Exercise goal ->
An exact transcription of the lines below, from the first through the one containing "レイヤードタンク付きTシャツカットアウト アシンメトリーTシャツ タンクトップ2点セット", is the only output wanted.

Records contained in a dataset ->
-----

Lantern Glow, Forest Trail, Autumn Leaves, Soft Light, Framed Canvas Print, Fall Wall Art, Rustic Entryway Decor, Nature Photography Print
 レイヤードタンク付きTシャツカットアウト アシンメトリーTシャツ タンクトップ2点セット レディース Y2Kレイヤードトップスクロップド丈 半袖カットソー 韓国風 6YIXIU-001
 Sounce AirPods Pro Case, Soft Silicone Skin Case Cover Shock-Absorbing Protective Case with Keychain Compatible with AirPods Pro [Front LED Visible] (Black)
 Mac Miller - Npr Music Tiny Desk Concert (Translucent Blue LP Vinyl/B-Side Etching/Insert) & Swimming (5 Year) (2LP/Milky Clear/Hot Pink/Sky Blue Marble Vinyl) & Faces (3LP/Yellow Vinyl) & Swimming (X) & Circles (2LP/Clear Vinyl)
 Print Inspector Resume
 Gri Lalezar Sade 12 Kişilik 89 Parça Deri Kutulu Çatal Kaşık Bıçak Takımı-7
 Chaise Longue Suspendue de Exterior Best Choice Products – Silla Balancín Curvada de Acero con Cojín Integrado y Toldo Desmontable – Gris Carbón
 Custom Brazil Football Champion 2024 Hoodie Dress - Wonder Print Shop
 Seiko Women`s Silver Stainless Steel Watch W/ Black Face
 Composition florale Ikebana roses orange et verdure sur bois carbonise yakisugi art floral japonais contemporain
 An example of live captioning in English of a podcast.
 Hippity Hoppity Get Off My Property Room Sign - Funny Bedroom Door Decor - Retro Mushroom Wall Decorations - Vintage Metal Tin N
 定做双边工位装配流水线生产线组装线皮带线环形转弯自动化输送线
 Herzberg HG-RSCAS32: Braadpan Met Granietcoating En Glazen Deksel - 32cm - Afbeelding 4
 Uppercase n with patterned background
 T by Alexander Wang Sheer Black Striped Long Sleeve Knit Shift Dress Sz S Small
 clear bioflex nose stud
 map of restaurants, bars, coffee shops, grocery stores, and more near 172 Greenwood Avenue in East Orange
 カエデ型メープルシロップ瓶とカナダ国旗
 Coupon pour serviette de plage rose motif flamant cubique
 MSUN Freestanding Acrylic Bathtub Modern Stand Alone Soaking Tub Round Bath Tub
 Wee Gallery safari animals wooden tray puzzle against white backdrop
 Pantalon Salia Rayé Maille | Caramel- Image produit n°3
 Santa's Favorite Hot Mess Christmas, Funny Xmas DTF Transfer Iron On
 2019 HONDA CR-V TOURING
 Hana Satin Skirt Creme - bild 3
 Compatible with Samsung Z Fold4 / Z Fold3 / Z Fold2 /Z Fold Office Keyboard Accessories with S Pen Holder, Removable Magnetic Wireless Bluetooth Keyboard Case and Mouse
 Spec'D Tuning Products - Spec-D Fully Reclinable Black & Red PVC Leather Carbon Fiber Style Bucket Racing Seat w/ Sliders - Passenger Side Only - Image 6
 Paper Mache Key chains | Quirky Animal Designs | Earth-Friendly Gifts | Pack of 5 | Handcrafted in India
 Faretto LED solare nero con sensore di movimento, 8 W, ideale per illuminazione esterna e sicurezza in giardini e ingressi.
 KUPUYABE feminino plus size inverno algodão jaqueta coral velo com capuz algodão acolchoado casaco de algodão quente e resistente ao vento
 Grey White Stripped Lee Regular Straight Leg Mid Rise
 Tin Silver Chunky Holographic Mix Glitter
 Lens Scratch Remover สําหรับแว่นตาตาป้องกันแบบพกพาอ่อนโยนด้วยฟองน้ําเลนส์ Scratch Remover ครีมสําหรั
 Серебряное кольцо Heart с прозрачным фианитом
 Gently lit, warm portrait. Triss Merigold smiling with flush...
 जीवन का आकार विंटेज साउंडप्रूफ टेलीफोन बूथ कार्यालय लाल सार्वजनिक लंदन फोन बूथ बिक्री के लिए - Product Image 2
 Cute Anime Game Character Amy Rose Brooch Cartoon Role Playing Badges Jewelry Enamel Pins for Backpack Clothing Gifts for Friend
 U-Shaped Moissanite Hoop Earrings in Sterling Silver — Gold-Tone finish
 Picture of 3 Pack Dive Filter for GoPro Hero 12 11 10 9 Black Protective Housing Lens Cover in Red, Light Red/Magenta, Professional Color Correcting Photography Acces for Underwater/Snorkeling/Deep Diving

-----

Solution ->
Lantern Glow, Forest Trail, Autumn Leaves, Soft Light, Framed Canvas Print, Fall Wall Art, Rustic Entryway Decor, Nature Photography Print
 レイヤードタンク付きTシャツカットアウト アシンメトリーTシャツ タンクトップ2点セット レディース Y2Kレイヤードトップスクロップド丈 半袖カットソー 韓国風 6YIXIU-001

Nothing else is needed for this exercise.